#### REQUIREMENT:
Go through the listing below and retype exactly the lines starting at the one with "Nylonový obojek pro" and ending at the one with "Skillmatics Infant Sensory", skipping pictures.

#### DATA:
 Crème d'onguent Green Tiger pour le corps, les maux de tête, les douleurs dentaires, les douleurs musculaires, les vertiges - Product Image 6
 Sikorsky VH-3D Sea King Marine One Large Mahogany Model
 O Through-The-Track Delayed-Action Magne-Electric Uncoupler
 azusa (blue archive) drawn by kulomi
* * *
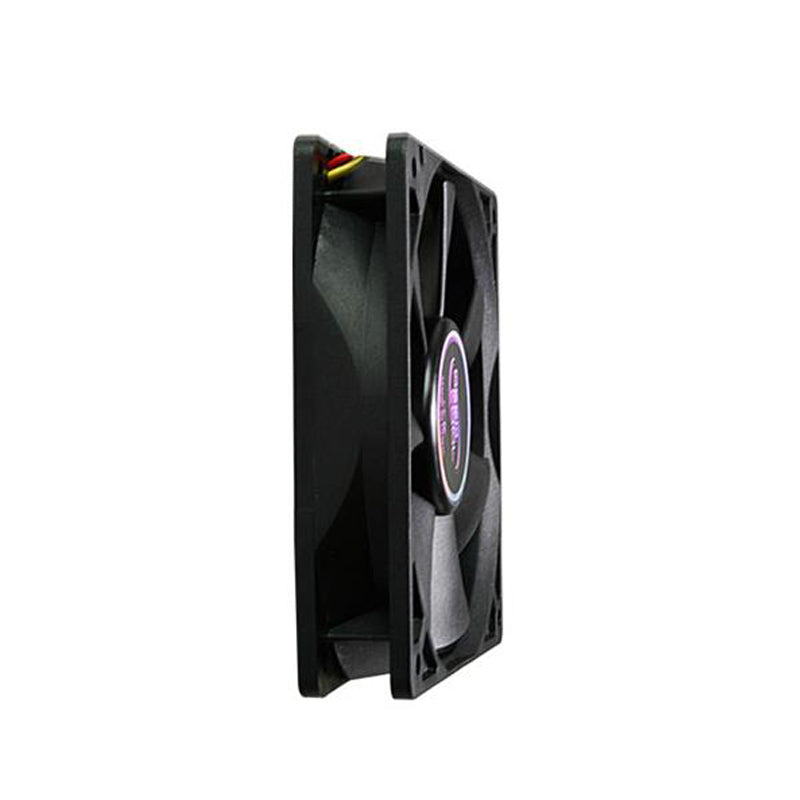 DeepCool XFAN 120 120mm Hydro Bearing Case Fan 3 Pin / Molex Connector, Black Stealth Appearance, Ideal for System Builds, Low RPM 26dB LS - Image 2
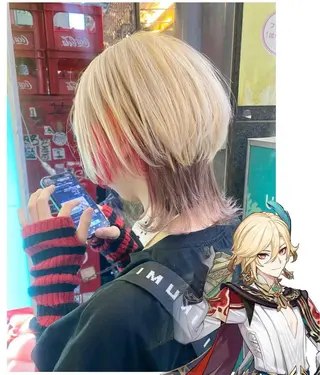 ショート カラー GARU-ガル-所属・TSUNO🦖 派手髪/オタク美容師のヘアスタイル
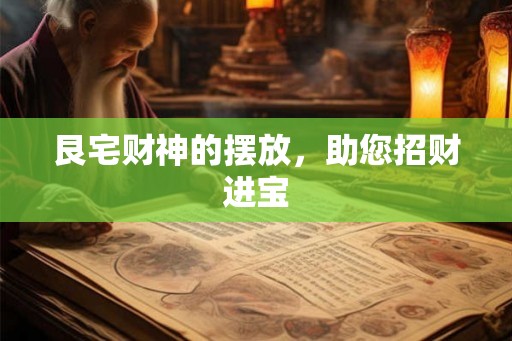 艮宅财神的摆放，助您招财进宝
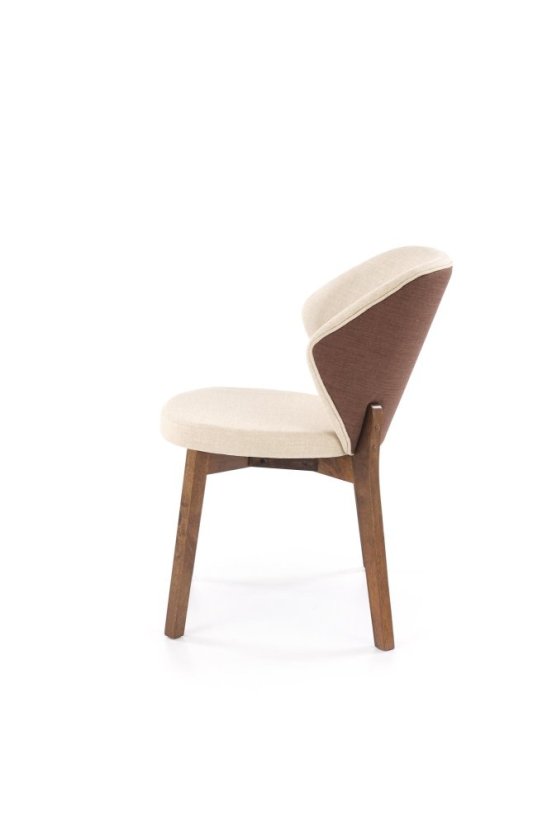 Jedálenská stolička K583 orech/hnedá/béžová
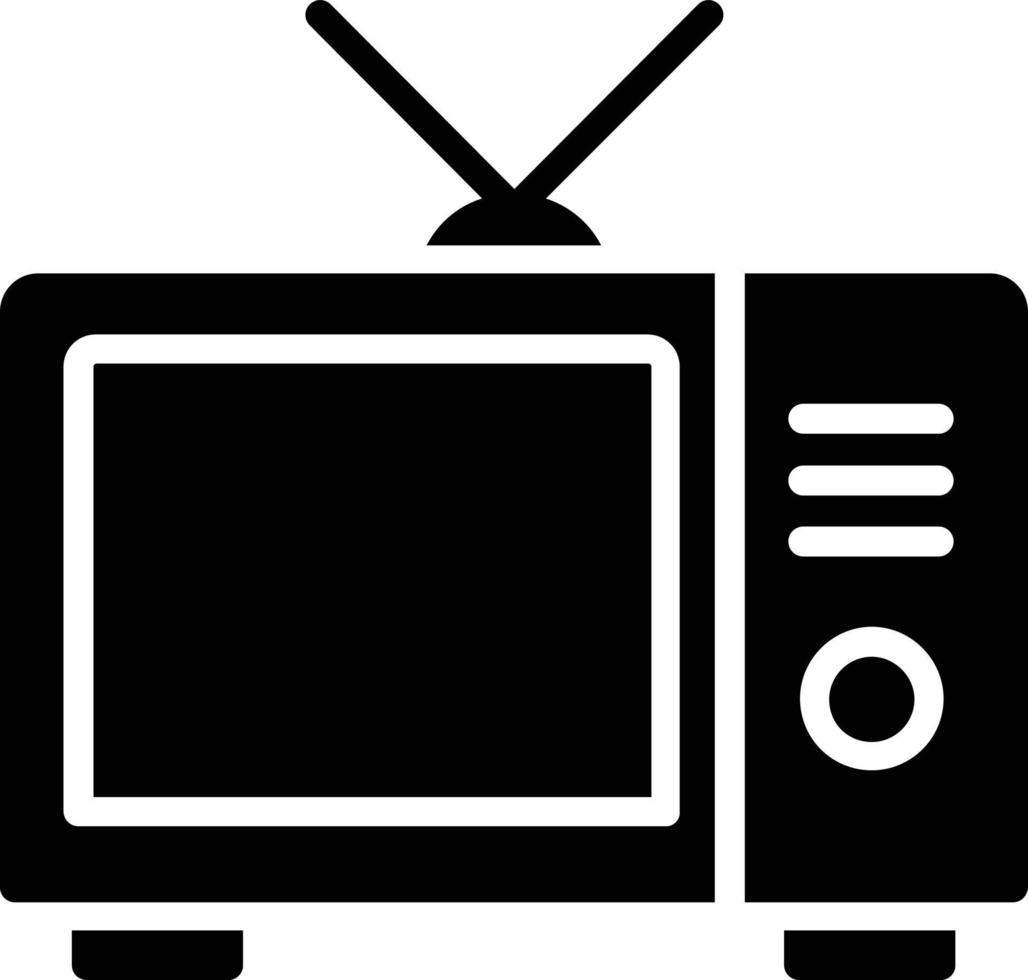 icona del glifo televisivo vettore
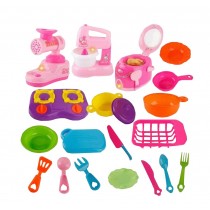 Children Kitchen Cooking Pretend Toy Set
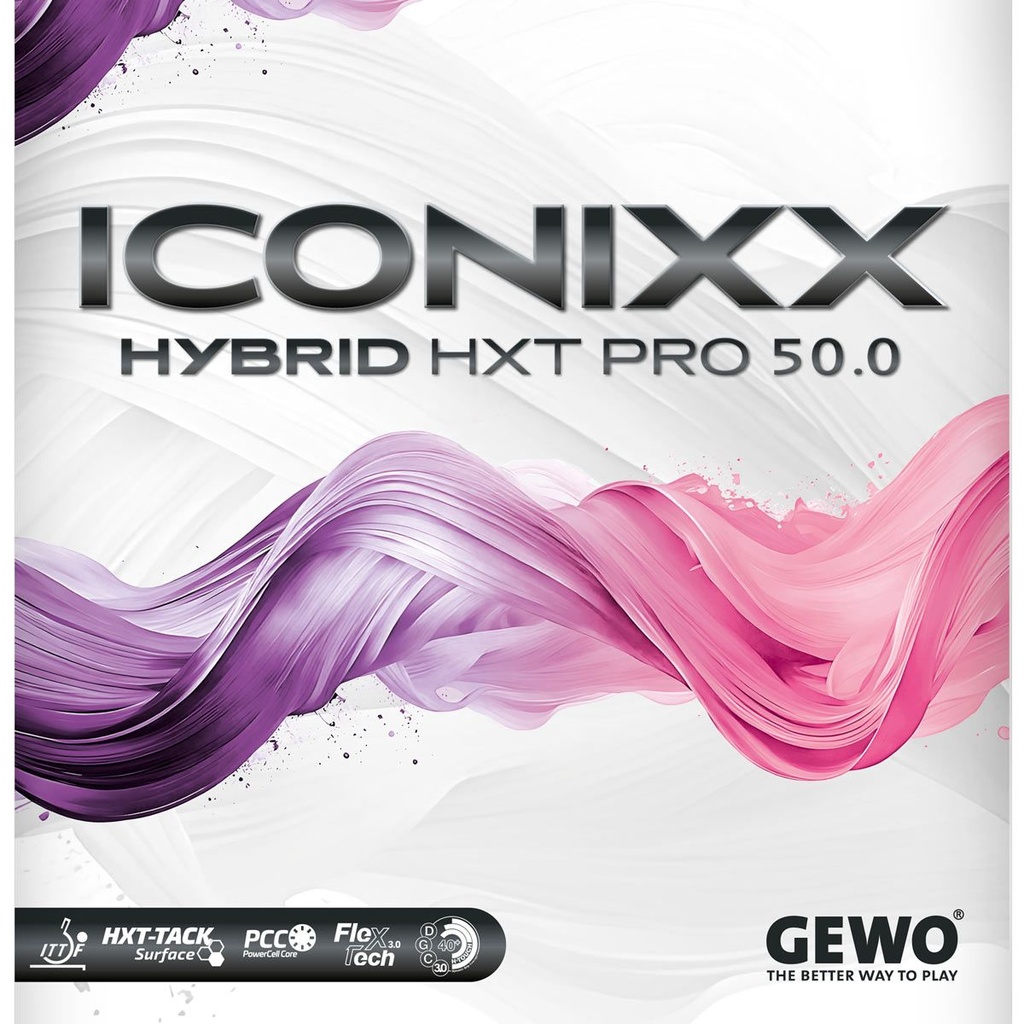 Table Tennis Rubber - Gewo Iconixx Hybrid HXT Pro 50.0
---
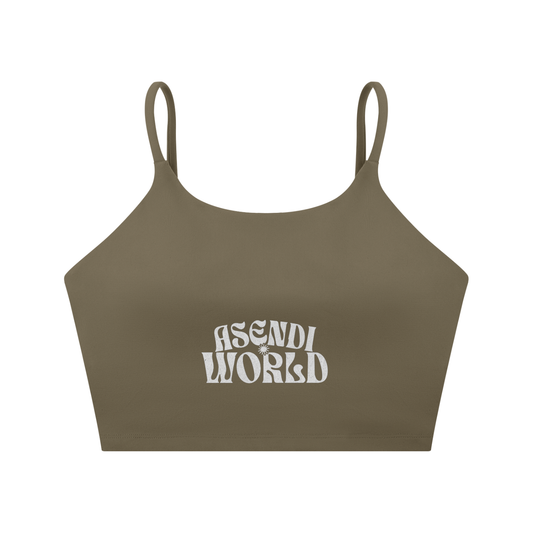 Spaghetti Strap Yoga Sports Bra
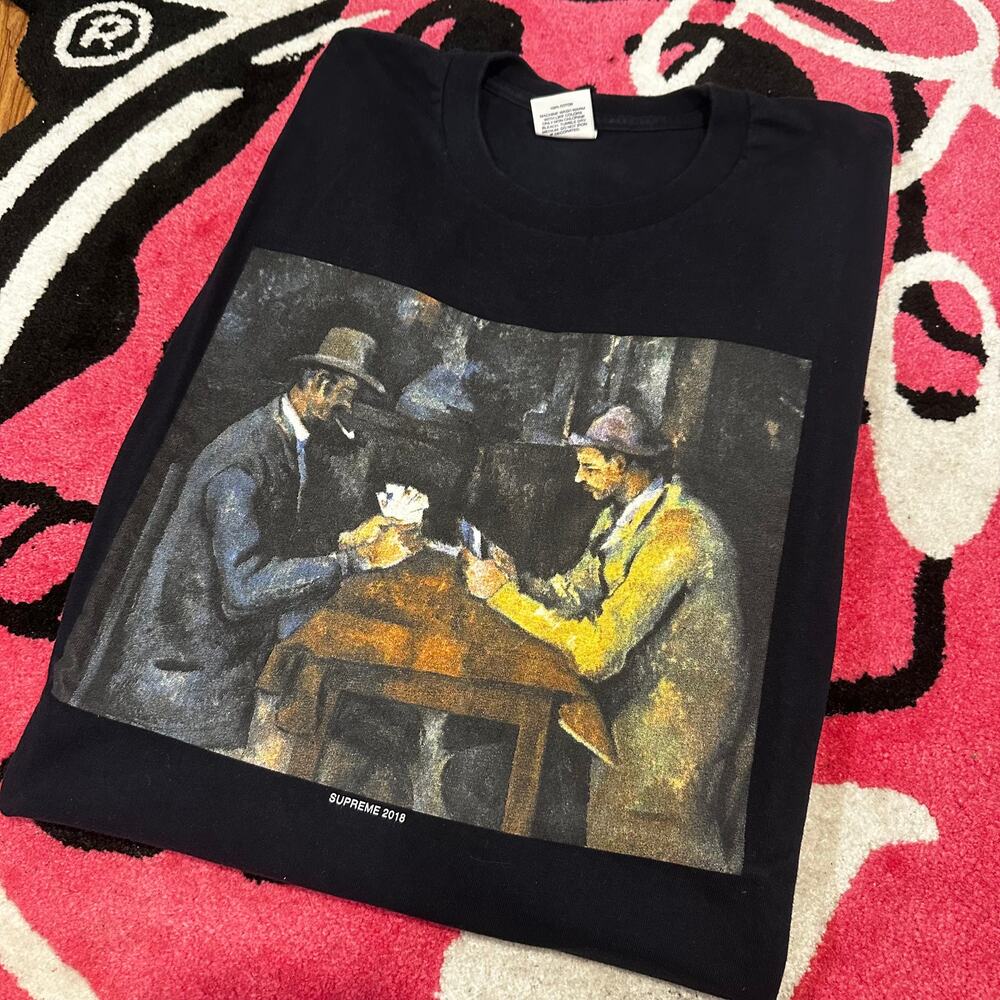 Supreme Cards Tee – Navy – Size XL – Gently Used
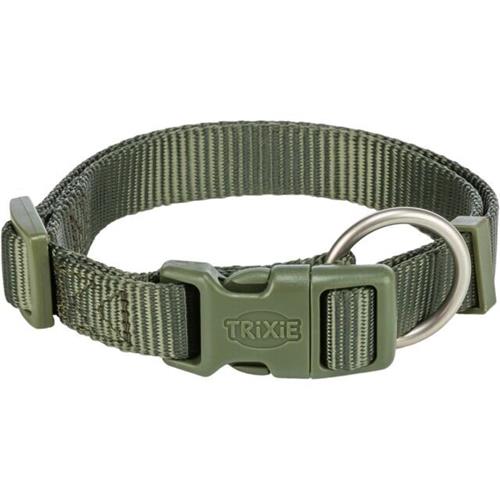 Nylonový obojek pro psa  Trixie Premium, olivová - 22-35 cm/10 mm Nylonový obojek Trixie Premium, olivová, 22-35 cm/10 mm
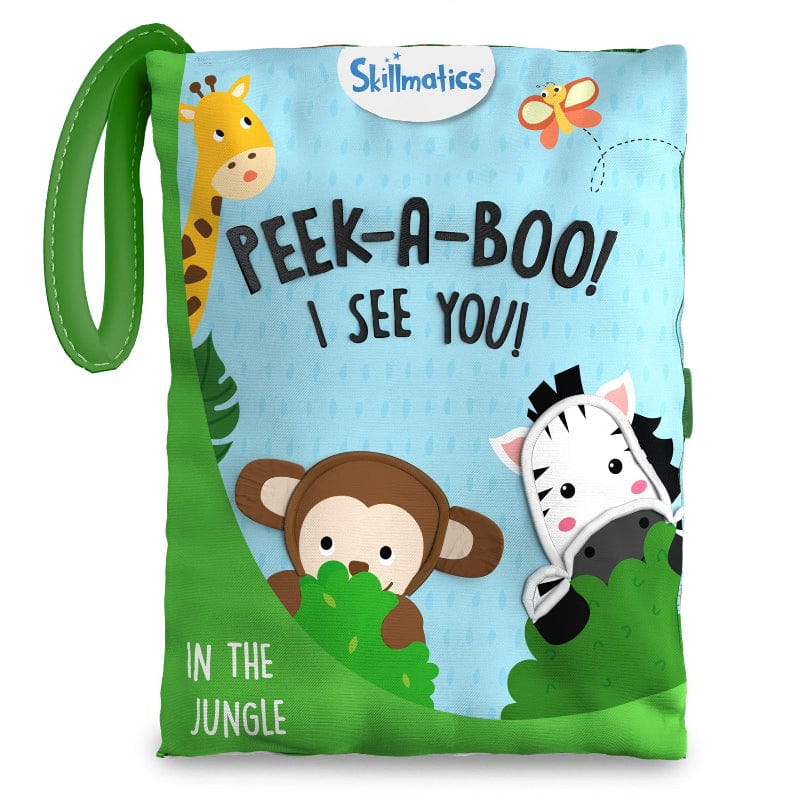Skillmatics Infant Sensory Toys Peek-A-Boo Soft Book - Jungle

#### WRITTEN RESPONSE:
 Nylonový obojek pro psa  Trixie Premium, olivová - 22-35 cm/10 mm Nylonový obojek Trixie Premium, olivová, 22-35 cm/10 mm
Skillmatics Infant Sensory Toys Peek-A-Boo Soft Book - Jungle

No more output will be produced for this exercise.